*Brief:*
Output all the data exactly. Pictures do not belong in the copy.

*Supplied material:*
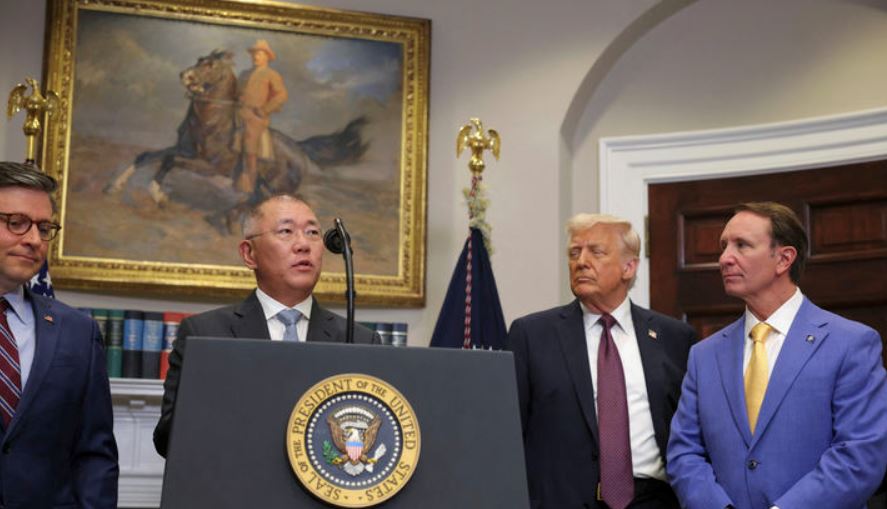 정의선(왼쪽 두 번째) 현대차그룹 회장이 지난 3월 미국 백악관 루스벨트룸에서 도널드 트럼프 미국 대통령(오른쪽 두번째)이 지켜보는 가운데 대미 신규 투자 계획을 발표하고 있다.<뉴시스/AP>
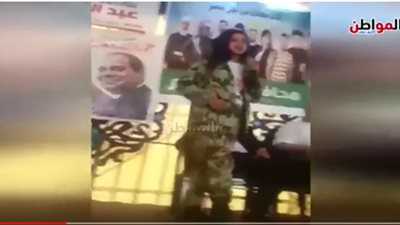 طفلة تؤيد الرئيس السيسي ..وتهدية قصيدة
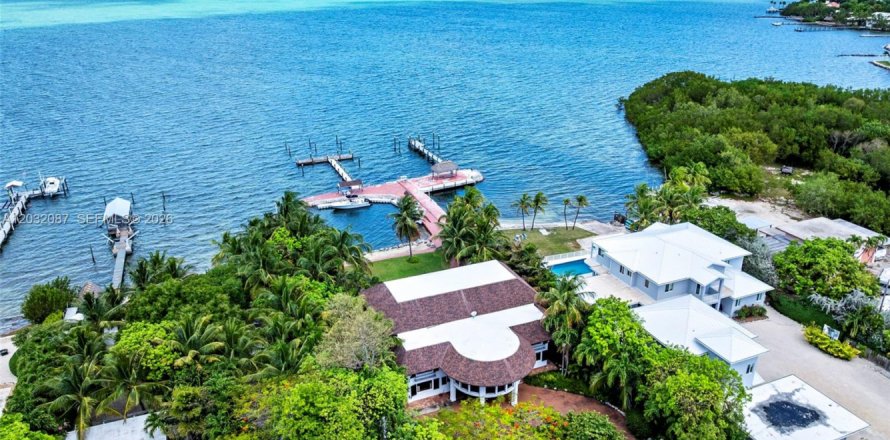 Villa ou maison à Islamorada, Village of Islands, Floride 4 chambres, 259.85 m2 № 2077608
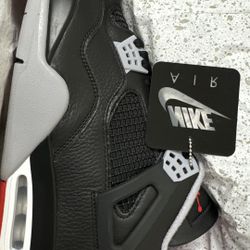 Jordan 4 Retro Bred  Size 13 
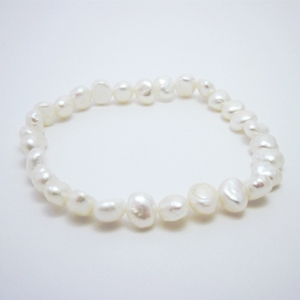 White Freshwater Pearl Stretch Bracelet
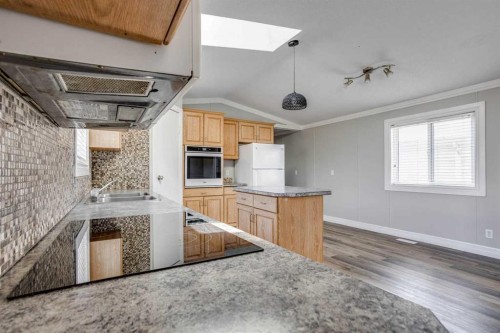 252 Grandview Crescent, Fort Mcmurray, AB - Indoor Photo Showing Kitchen With Double Sink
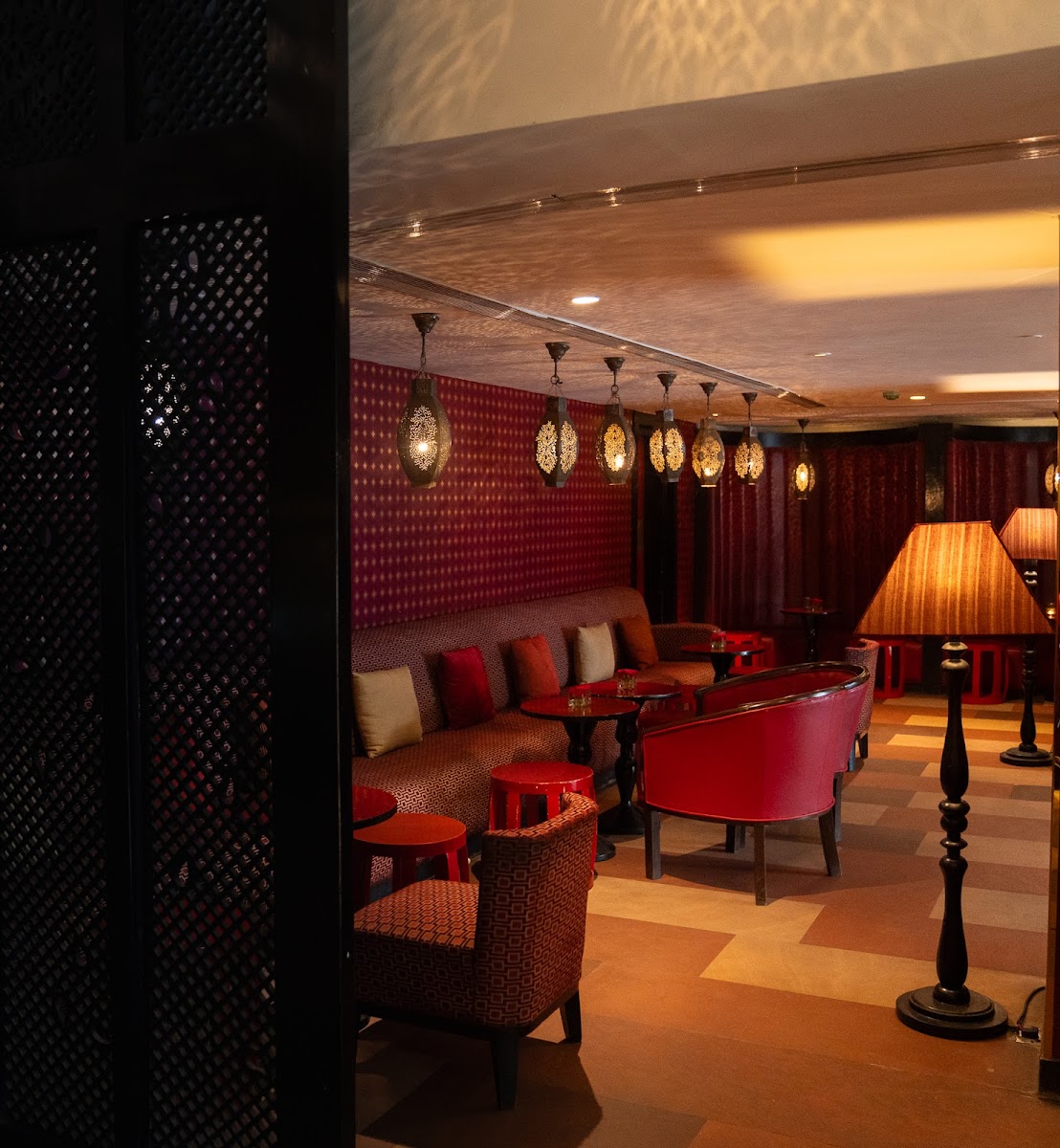 I Bar - The Park — Pub/Bar in MG Road, Bangalore (on-site parking, in-house decoration, DJ permitted, bar service available)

*Result below:*
 정의선(왼쪽 두 번째) 현대차그룹 회장이 지난 3월 미국 백악관 루스벨트룸에서 도널드 트럼프 미국 대통령(오른쪽 두번째)이 지켜보는 가운데 대미 신규 투자 계획을 발표하고 있다.<뉴시스/AP>
 طفلة تؤيد الرئيس السيسي ..وتهدية قصيدة
 Villa ou maison à Islamorada, Village of Islands, Floride 4 chambres, 259.85 m2 № 2077608
 Jordan 4 Retro Bred  Size 13 
 White Freshwater Pearl Stretch Bracelet
 252 Grandview Crescent, Fort Mcmurray, AB - Indoor Photo Showing Kitchen With Double Sink
 I Bar - The Park — Pub/Bar in MG Road, Bangalore (on-site parking, in-house decoration, DJ permitted, bar service available)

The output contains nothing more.